__TASK INSTRUCTIONS__. An exact copy is needed of the lines from the one that contains "Ancienne boîte complète" through the final line of the data below, with pictures left out.

__MATERIAL FOR THIS TASK__.

::::::::

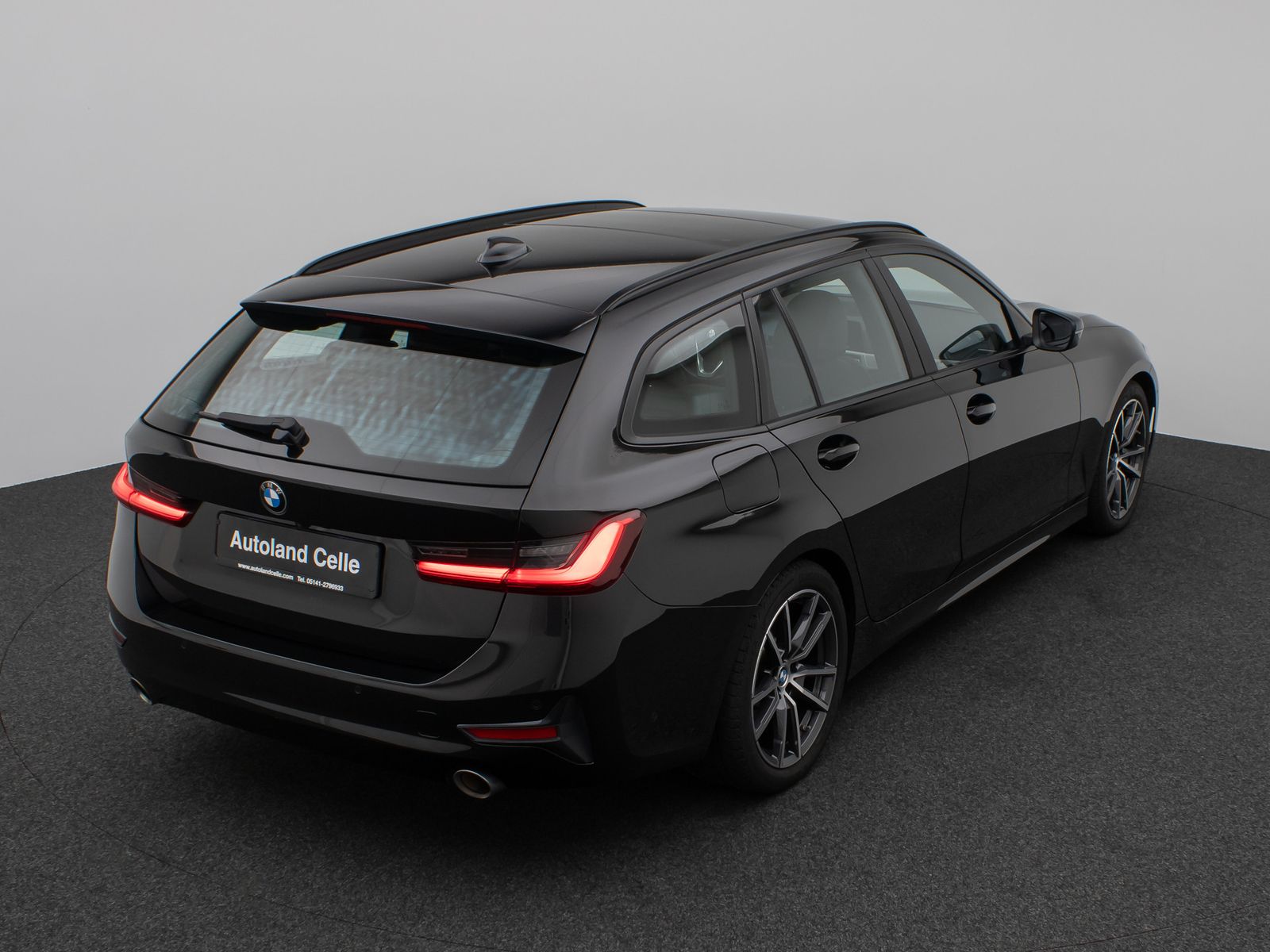 Fahrzeugabbildung BMW 330i Panorama Laser 360°HUD HiFi Komfort Sport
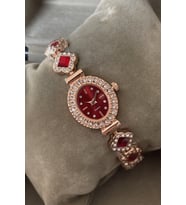 Minimal Oval Kadın Kol Saati Zirkon Taşlı Özel Kutulu Taşlı Metal Kordon Rose Gold Kırmızı Renk Yılbaşı Hediyesi Arkadaşa Sevgiliye Ablaya Anneye Eşe Hanıma Teyzeye Halaya Doğum Günü Özel Gün Yıl Dönümü Hediyesi Kız Kardeşe Kız Çocuğa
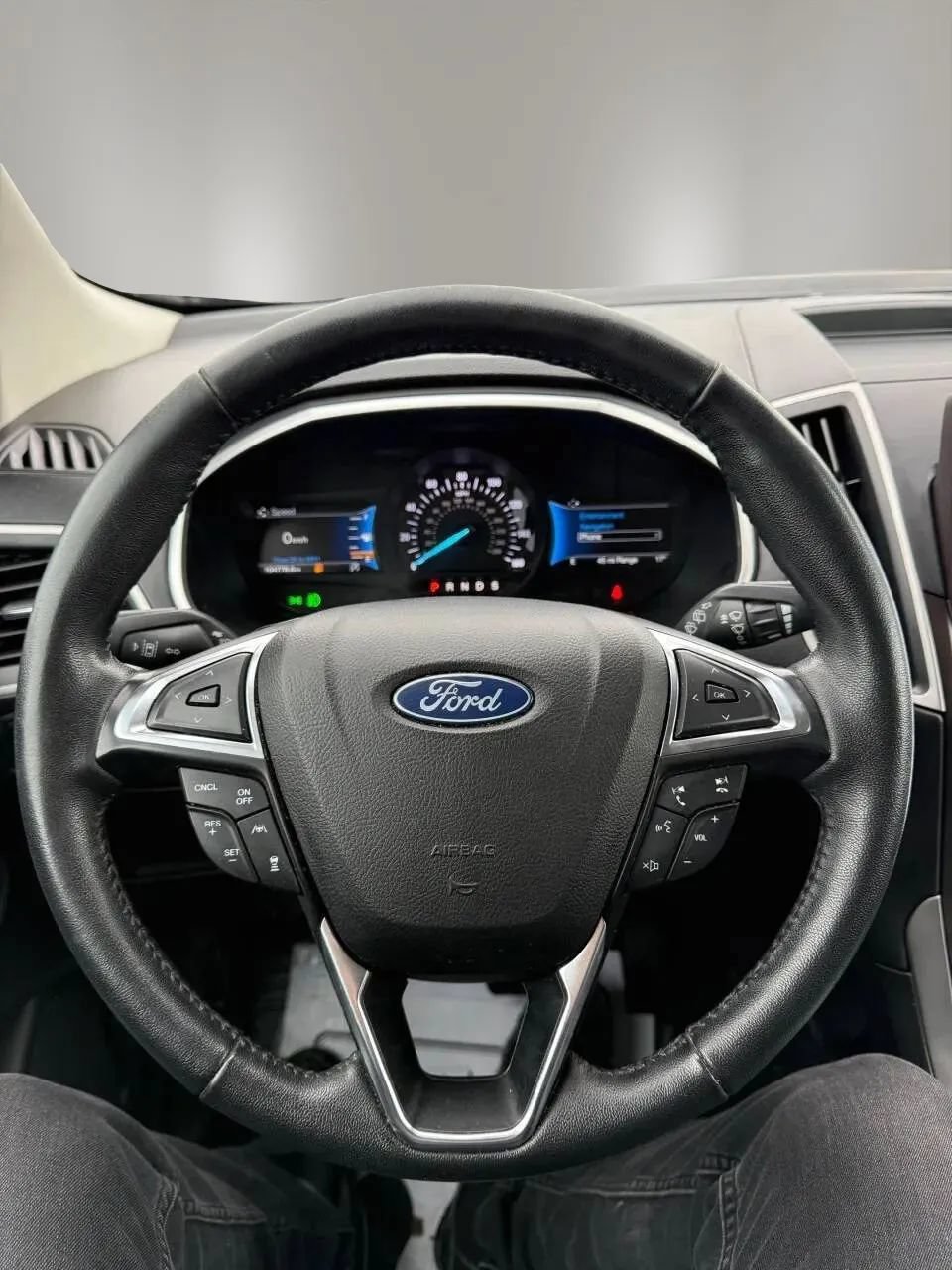 Used 2021 Ford Edge SEL w/ Cargo Accessory Package AWD/4WD image 17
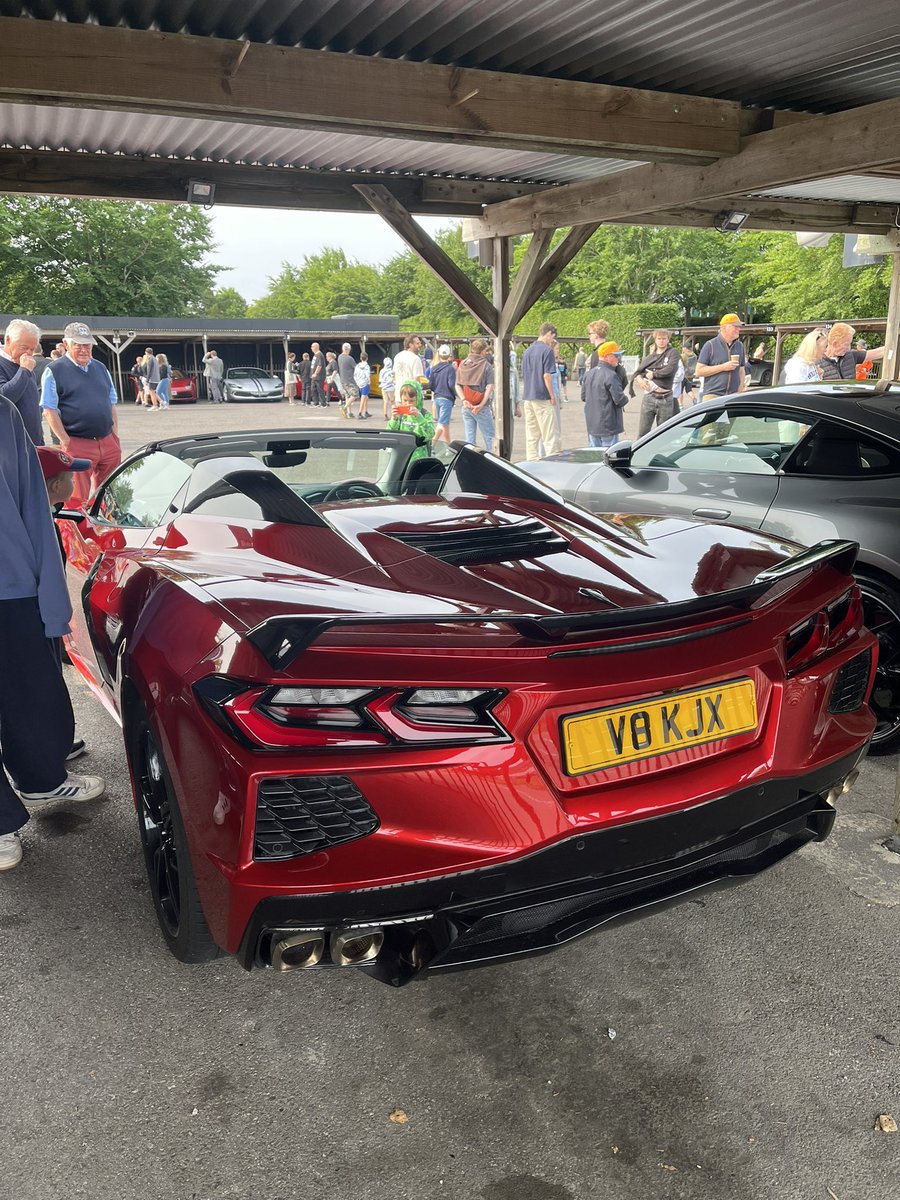 Cracking turn out at Goodwood for super car Sunday #BreakfastClub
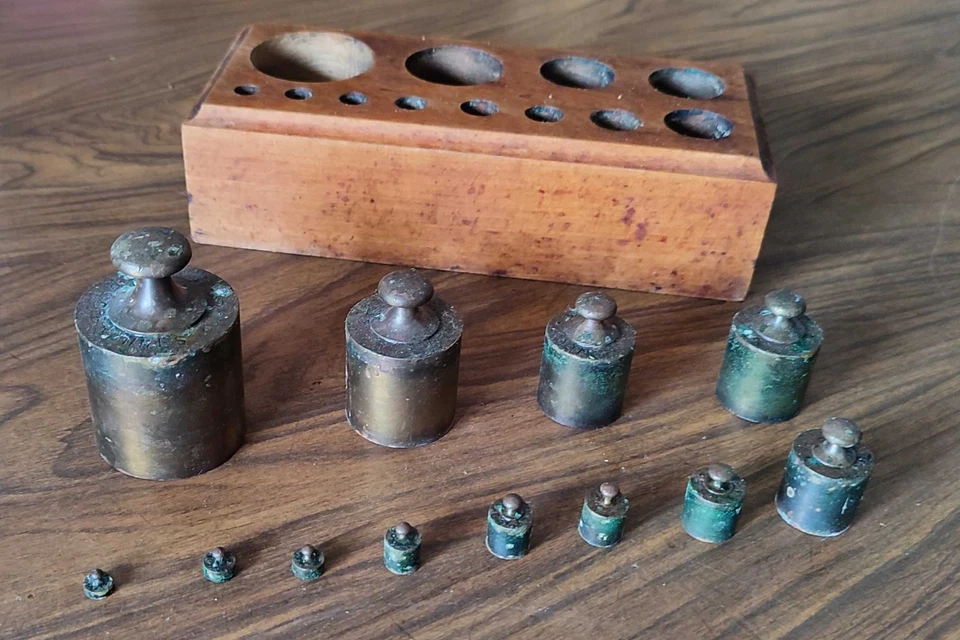 Ancienne boîte complète de 12 poids laiton allant de 1 à 500 grammes - Photo 3/4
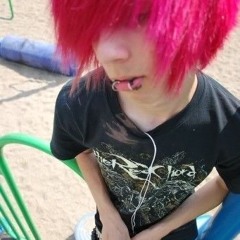 bowkittiskull<33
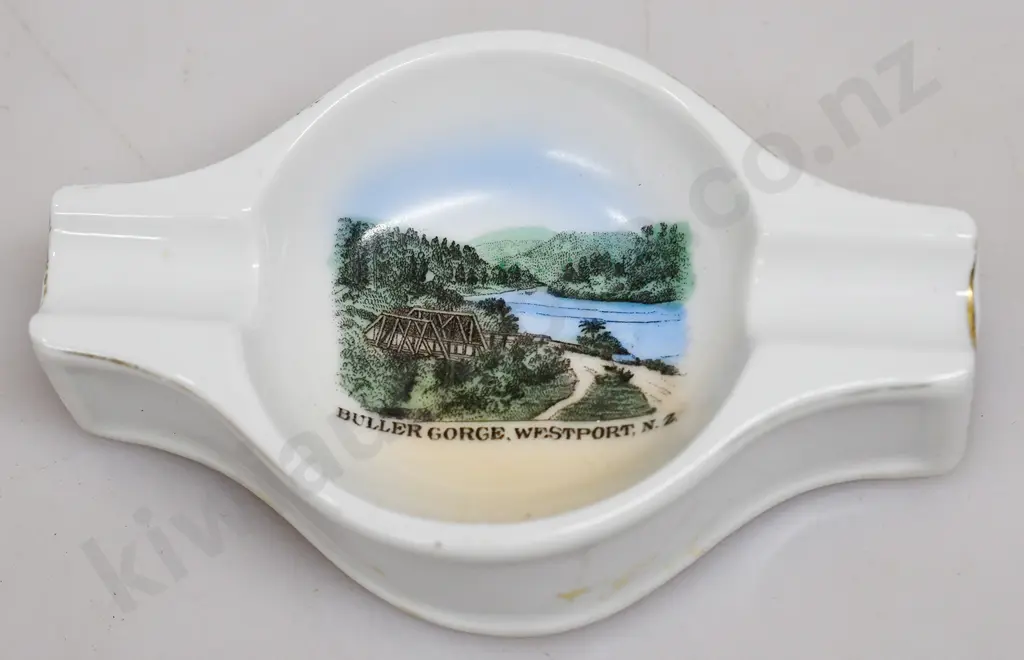 SOUVENIR WARE CHINA, WESTPORT Image 1++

::::::::

__WORKED SOLUTION__.
 Ancienne boîte complète de 12 poids laiton allant de 1 à 500 grammes - Photo 3/4
 bowkittiskull<33
 SOUVENIR WARE CHINA, WESTPORT Image 1++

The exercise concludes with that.